Sony Pictures Home Entertainment
Release Date: May 22nd, 2012

In THE WOMAN IN BLACK, from director James Watkins, young lawyer Arthur Kipps (Daniel Radcliffe) travels to a remote village to sort through the papers of a recently deceased client. When the locals regard him with fear and hatred, he unearths the dark history of the house and the vengeful spirit that still plagues the town. As tensions build and time begins to run out, Kipps is left to search for a way to end the haunting and put the spirit to rest.

Radcliffe is likeable as the young lawyer, even if it is hard to distance him from his Harry Potter fame, and holds his own as a leading man once again. The rest of the cast performs equally well and add to the building spookiness and sense of inevitable doom. The film holds true to the its origins as a stage play and that seems to be the reason for many of its critiques; The pacing gets weighed down by a surprising amount of walking up and down staircases and back and forth through long (albeit haunted) hallways. It’s likely that some may see the plot as offering little else from the traditional ghost story.

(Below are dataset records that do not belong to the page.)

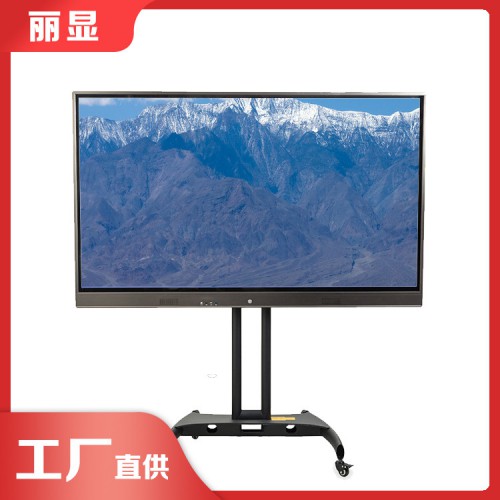 会议平板投影 会议机一体机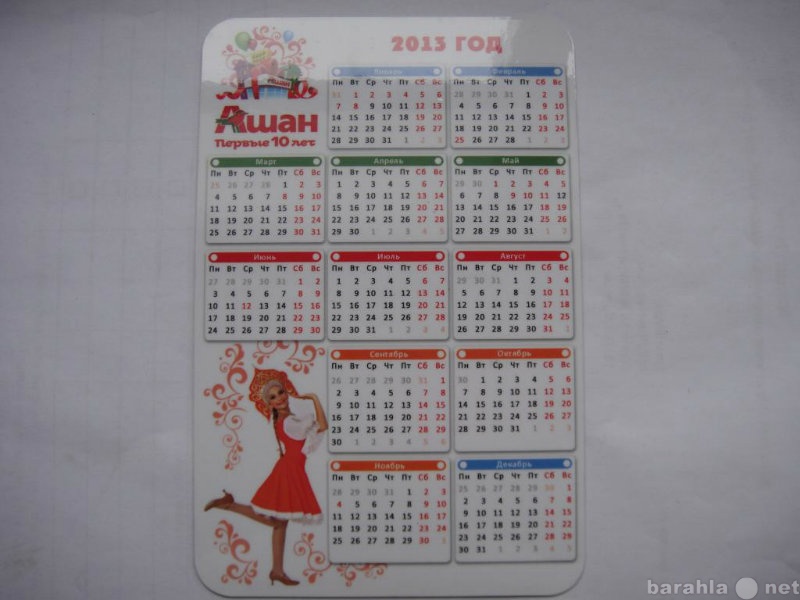 Продам: Магнит на холодильник Календарь АШАН2013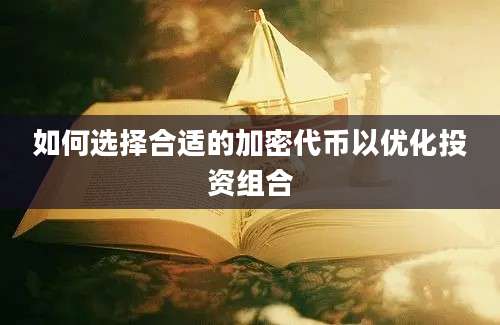 如何选择合适的加密代币以优化投资组合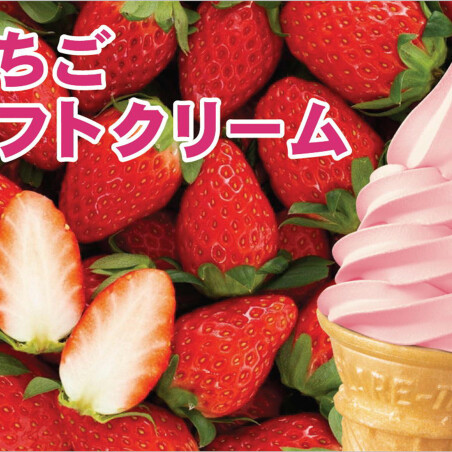 毎年大人気！いちご🍓のソフトクリーム🍦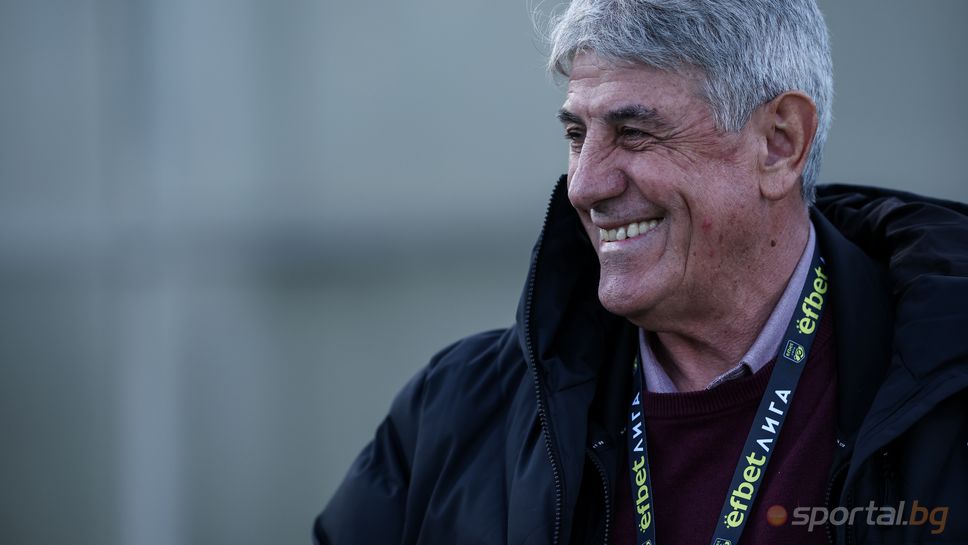 Гьоко: Бяхме катастрофа! Балов правеше каквото си поиска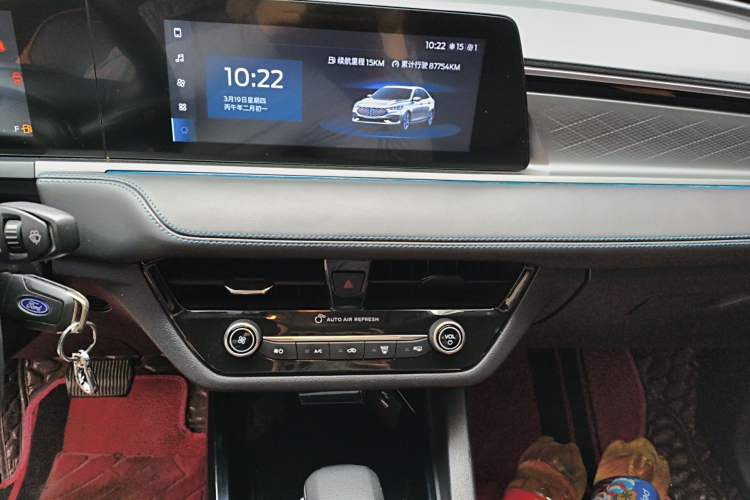 Used Ford Escort 2021 1.5L Automatic Gold Edition
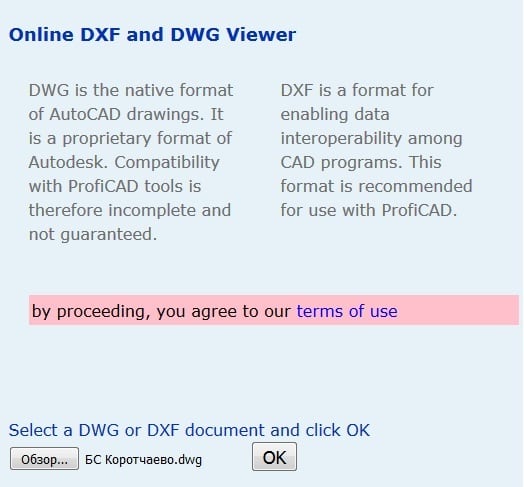 Hinzufügen der DWG-Datei zum Dienst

Despite the old-fashioned tones of the plot, the black-clad woman and the creaky, isolated house lose none of their effectiveness as they are utilized to their full, creepy potential. The tension builds throughout, making the slow pacing fantastically tense—even if it is slightly overplayed at times. The unsettling, grim ambiance only adds to the scares and chills, and the quality of the movie keeps it enjoyable for those looking for an alternative to the gore-filled horror movies that often grace today’s silver screens.

Video: THE WOMAN IN BLACK is delivered in 1080p HD with a 2.35:1 aspect ratio. The film has a great gritty, gloomy tone that is no less unnerving than it was on the big screen.

Audio: Sound is presented in 5.1 DTS-HD MA. Subtitles are available in English, English SDH, and Spanish.